### EXERCISE OBJECTIVE
From the line containing "Sisley Women's Powder" through the last line of the data, both ends included, write out every line exactly; omit the pictures.

### DATASET RECORDS
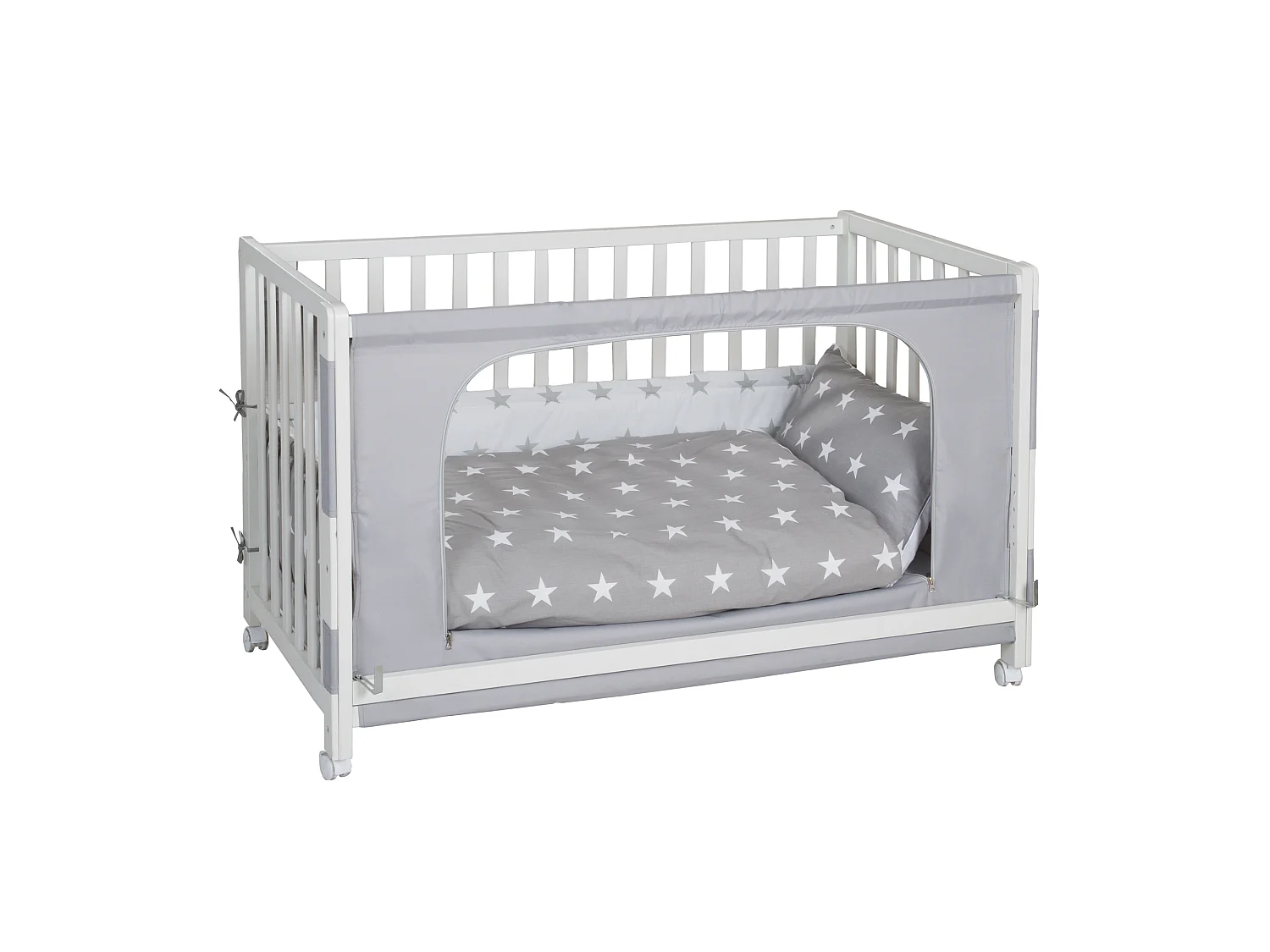 Roba Room Bed 60x120 cm Little Stars - Cuna auxiliar, Moisés, Cama infantil - Altura ajustable, Móvil, Certificado de seguridad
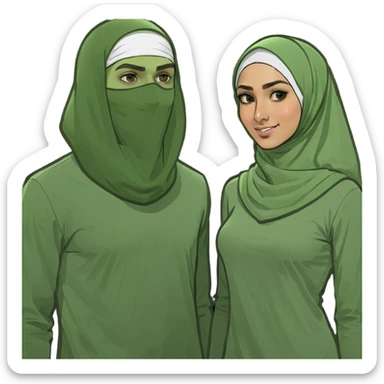 Short man standing next to a tall hijabi woman sticker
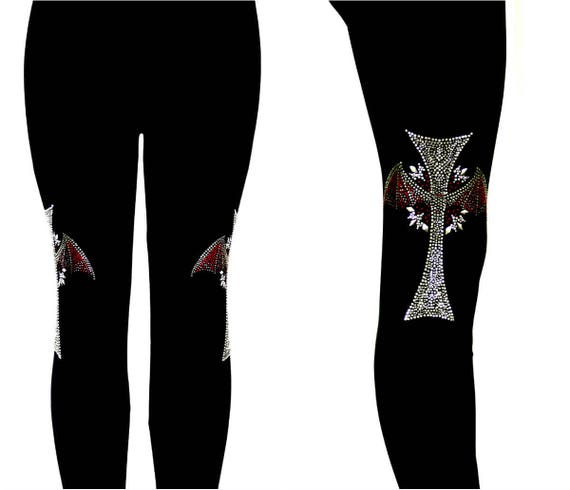 Plus Size Capri Length Leggings Embellished Rhinestone and Silver Stud  Halloween Gothic Red Bat Winged Cross Design 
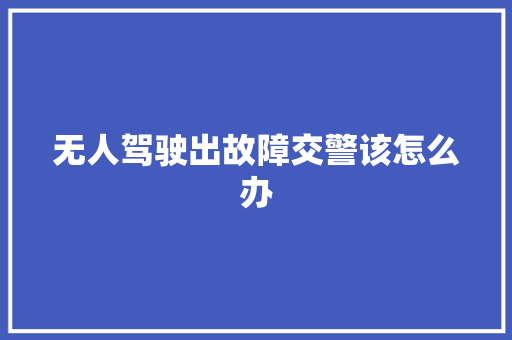 无人驾驶出故障交警该怎么办 汽车知识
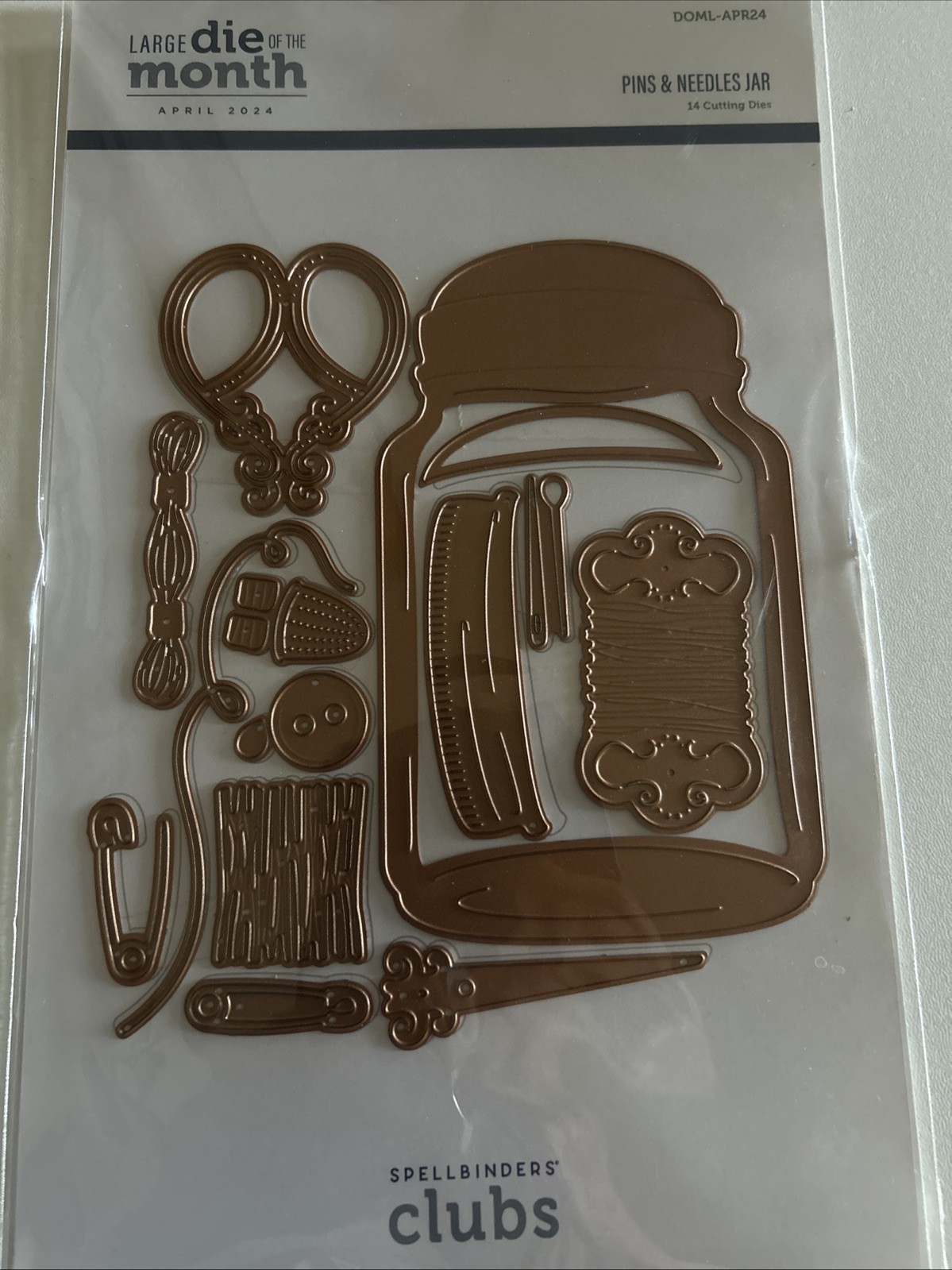 NEW Spellbinders Large Die Of The Month Apr 2024 PINS & NEEDLES JAR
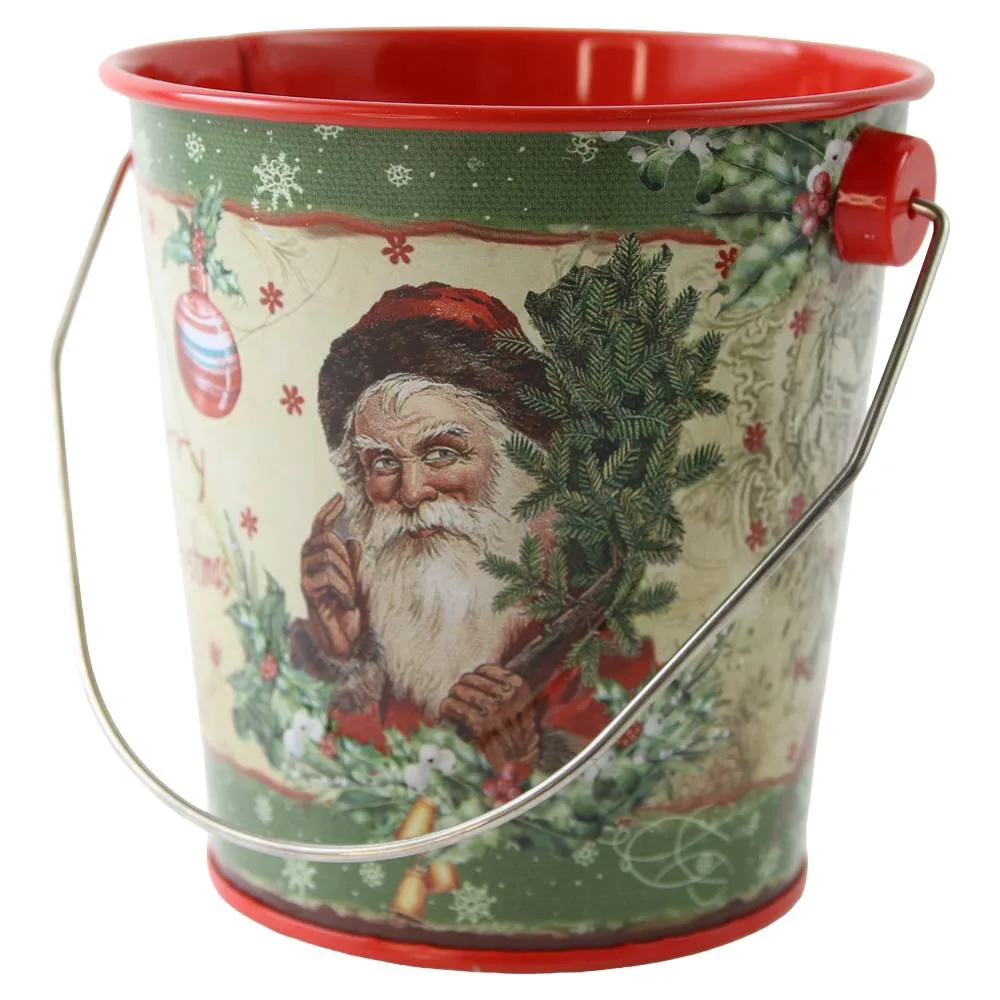 Ghiveci tip galeata din metal "Merry Christmas" 10x10 cm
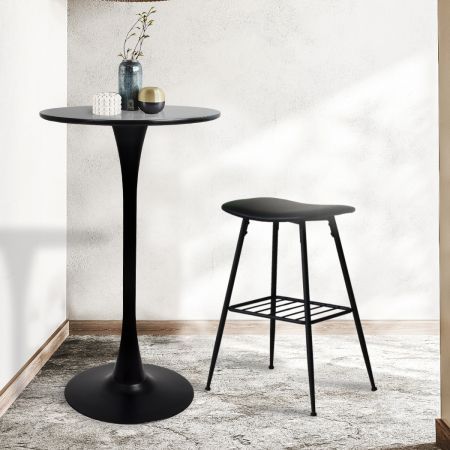 Levede 2x Bar Table Pub Tables Kitchen Marble Tulip Outdoor Round Metal Black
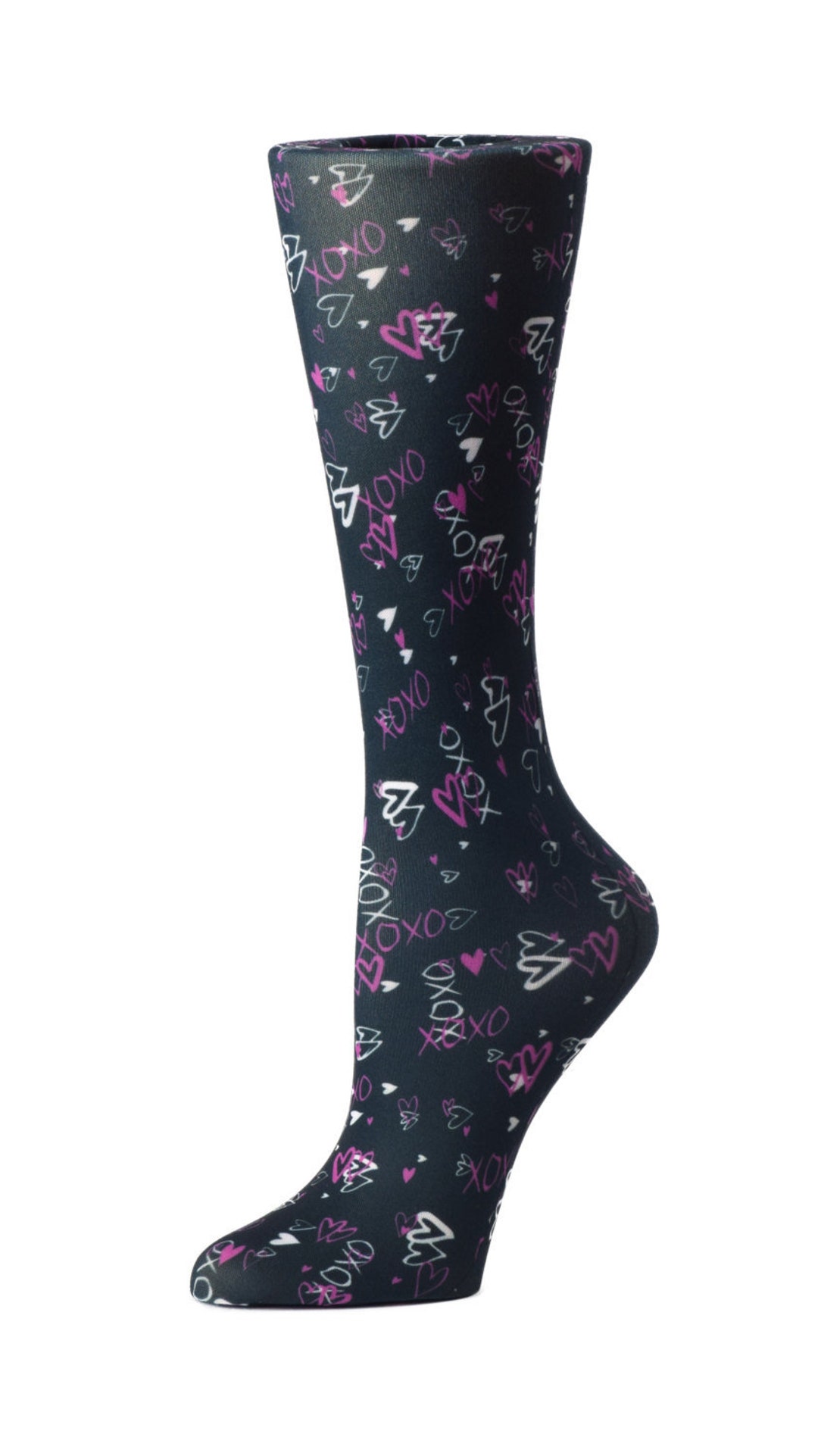 Cutieful Therapeutic Compression Socks Purple Hearts XOXO - Etsy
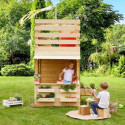 Cabane de jeux en bois brut Shopping avec comptoir de vente - SOULET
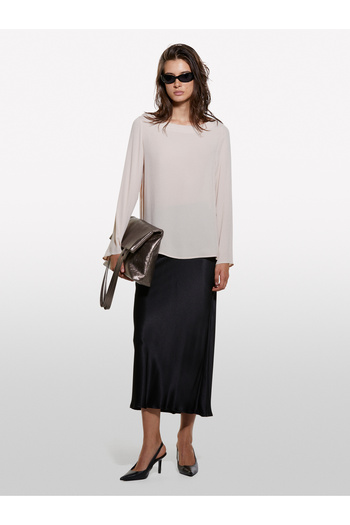Sisley Women's Powder 100% Viscose Comfortable Cut Boat Neck Blouse with Slits on the Sides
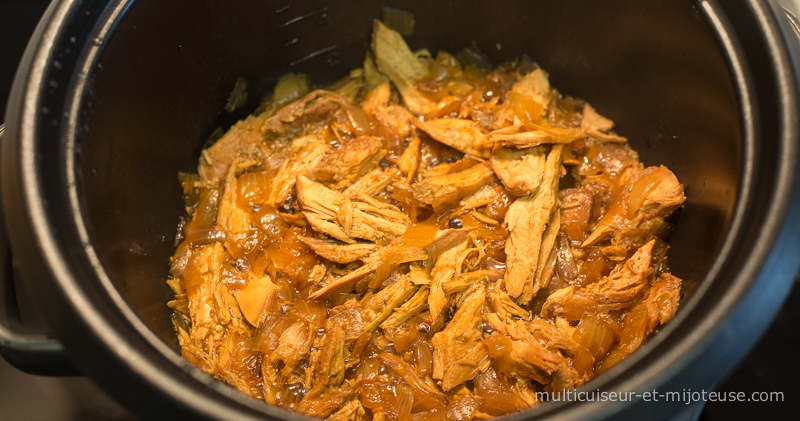 Poulet effiloché au multicuiseur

### RESPONSE TO THE TASK
Sisley Women's Powder 100% Viscose Comfortable Cut Boat Neck Blouse with Slits on the Sides
 Poulet effiloché au multicuiseur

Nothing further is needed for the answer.